Bureau of Engraving and Printing
Many people who have taken their children on a tour of Washington DC have visited the Bureau of Engraving and Printing to watch newly printed money rolling off the presses. The Bureau is the largest producer of security documents in the United States, printing billions of Federal Reserve Notes as well as postage stamps for the United States Postal Service.
In the last couple of years, the Bureau has moved from using standard paper and pencil tests to online, electronic assessments. As a result, employees are now able to take online assessment in Security Awareness and, in the near future, in Office of Procurement.
The first security awareness assessment addresses Internet security. In the past, BEP employees attended a live class on Internet security as an informational reminder about the care employees should take when interacting over the web. However, none were tested afterwards because of the difficulty and expense of assessing what 2700 employees had learned using a manual test.
Now, however, the department is moving its courses and assessments into the 21st century, digitizing everything. As a result, instead of spending a day in the classroom, individual employees can download a PowerPoint presentation or PDF file on Internet security and then take a ten-question, true/false online assessment. Employees receive an e-mail that provides a link to the site where they can access the content and then take the assessment.

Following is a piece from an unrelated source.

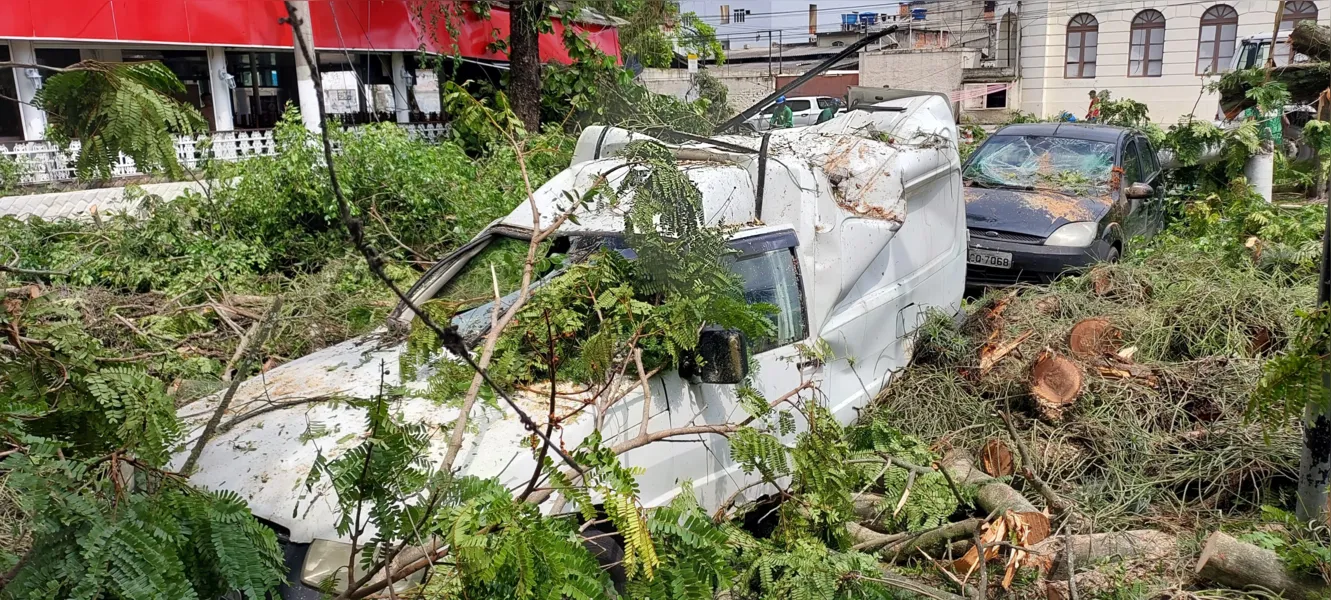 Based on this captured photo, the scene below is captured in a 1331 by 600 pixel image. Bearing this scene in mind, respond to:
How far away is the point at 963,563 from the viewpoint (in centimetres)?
387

The Bureau chose Questionmark for these assessments because it enables the Bureau to schedule the exams, grade them, and then report who took and passed the course – all automatically.

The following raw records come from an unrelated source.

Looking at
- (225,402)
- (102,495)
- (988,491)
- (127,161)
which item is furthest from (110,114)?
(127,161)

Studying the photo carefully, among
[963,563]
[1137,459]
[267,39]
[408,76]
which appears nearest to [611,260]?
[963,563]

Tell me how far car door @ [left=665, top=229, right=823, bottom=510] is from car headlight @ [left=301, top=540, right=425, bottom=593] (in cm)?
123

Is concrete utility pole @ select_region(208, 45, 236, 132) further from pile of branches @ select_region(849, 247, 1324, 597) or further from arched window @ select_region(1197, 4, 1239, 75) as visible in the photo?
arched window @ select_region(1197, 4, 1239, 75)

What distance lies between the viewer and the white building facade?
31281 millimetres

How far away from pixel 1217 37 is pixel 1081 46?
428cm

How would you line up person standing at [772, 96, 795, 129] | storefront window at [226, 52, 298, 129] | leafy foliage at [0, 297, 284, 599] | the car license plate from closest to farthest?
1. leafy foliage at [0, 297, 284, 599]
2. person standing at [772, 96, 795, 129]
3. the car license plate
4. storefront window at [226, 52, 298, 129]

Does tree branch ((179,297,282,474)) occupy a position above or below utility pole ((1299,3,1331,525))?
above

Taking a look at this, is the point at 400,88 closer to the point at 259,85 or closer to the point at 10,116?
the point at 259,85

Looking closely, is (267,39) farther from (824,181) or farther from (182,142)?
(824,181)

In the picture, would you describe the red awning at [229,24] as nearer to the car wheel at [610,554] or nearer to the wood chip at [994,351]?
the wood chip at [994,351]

According to John Bilinski, an application developer at the Bureau, using online assessments made the process much faster and easier for the department’s managers, and it assures that everyone has read the material and taken the test.

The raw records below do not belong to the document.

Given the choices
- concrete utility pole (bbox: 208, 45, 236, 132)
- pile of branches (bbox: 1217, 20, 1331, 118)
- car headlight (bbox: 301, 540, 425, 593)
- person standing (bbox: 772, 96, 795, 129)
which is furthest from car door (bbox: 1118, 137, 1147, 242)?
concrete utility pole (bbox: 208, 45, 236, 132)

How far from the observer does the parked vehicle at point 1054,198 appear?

“Now all the managers have to do is print out reports,” he said. “It’s a lot faster and more efficient."
Employees at the Bureau who take the assessments from their own computer say that the tests are fast and easy to take. Bilinski appreciated the fact that while Questionmark stores the users’ IDs in its database, the Bureau authenticates the names from its own active directory, thereby eliminating any security risks. However, since the BEP must constantly update Questionmark's database as people change jobs and even their names, Bilinski is considering using Questionmark's LDAP (Lightweight Directory Access Protocol) authentication product that makes it possible to verify assessment participants against centralized directories. The Bureau is still evaluating that approach.
Disclaimer: The opinions expressed are those of John Bilinski and do not represent the opinions of the Bureau of Engraving and Printing, the Department of the Treasury or the United States of America.